■ **Problem to work on**
Word for word, restate the lines from the top of the records below through the line with "Sticker Printer-Phomemo M02", both included, with no pictures in the result.

(Short web captions)
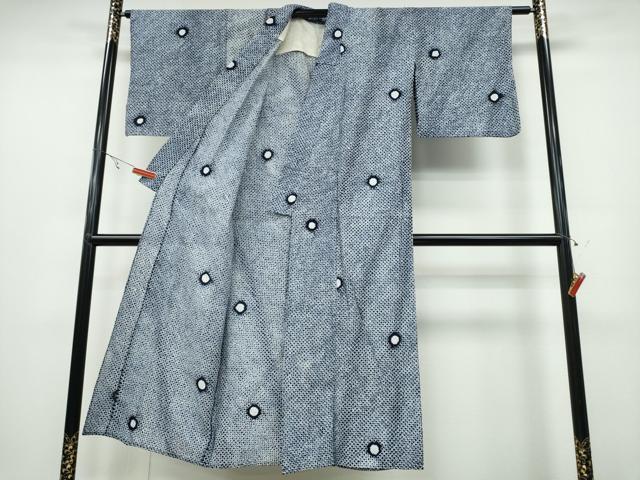平和屋着物∴夏物 浴衣 有松鳴海絞り 丸文 綿 逸品 CABA0721ng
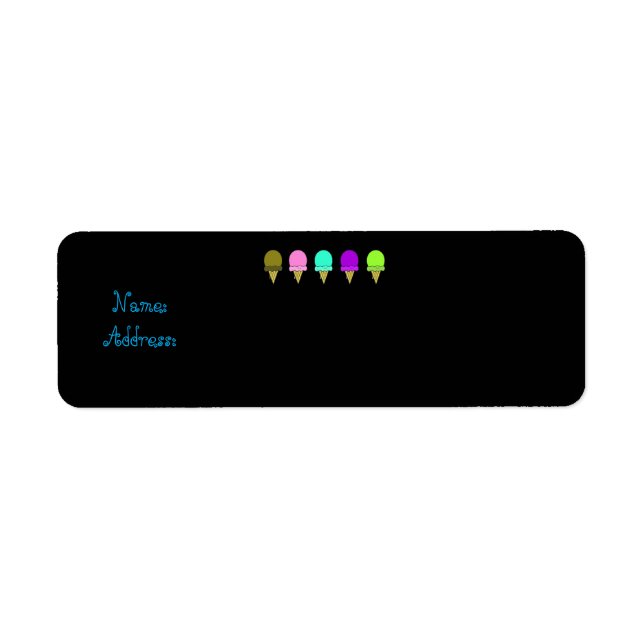 Summer Ice cream cones return address labels (Front)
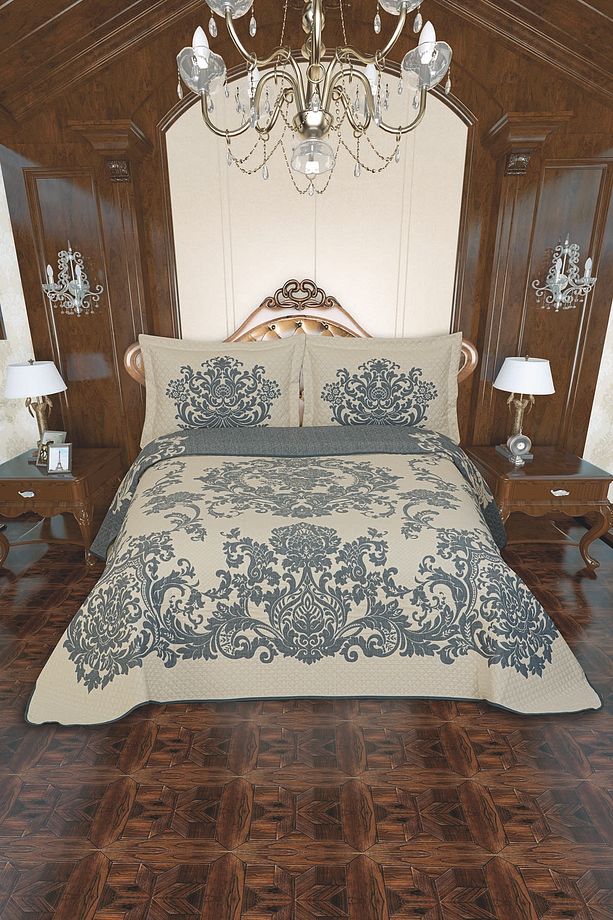 Cozy Chalet Double Face Pano Yatak Örtüsü Çift Kişilik Indigo - 1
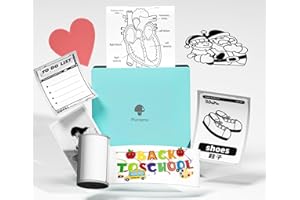 Sticker Printer-Phomemo M02 Mini Pocket Printer, Inkless Bluetooth Thermal Printer, Sticker Study Note Printer for Gift, Pict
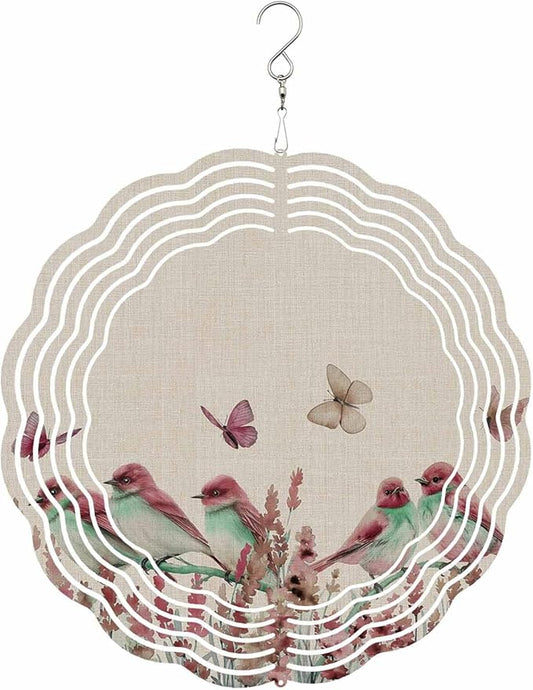 Stainless Steel Wind Spinner for Yard Garden Decoration, Red Bird Flower Floral Butterfly Vintage Summer Round Wind Sculpture Spinner 3D Crafts Hanging Ornaments for Indoor Outdoor, 8 Inch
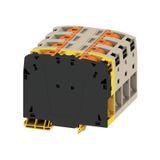 Feed-through terminal block, PUSH IN, 50 mm², 1000 V, 150 A, Number of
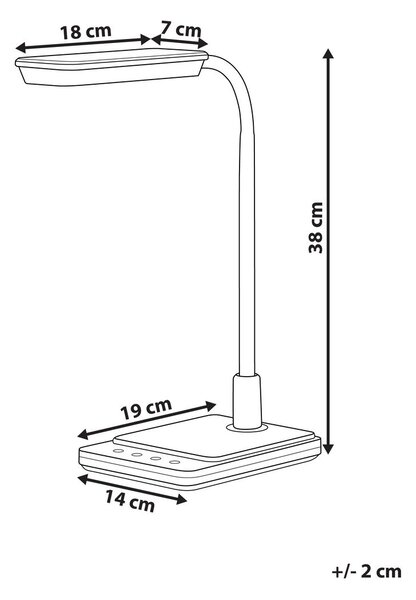 LED asztali lámpa CENTAURUS Dimmer funkcióval Fém Fehér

■ **Solution to this exercise**
平和屋着物∴夏物 浴衣 有松鳴海絞り 丸文 綿 逸品 CABA0721ng
 Summer Ice cream cones return address labels (Front)
 Cozy Chalet Double Face Pano Yatak Örtüsü Çift Kişilik Indigo - 1
 Sticker Printer-Phomemo M02 Mini Pocket Printer, Inkless Bluetooth Thermal Printer, Sticker Study Note Printer for Gift, Pict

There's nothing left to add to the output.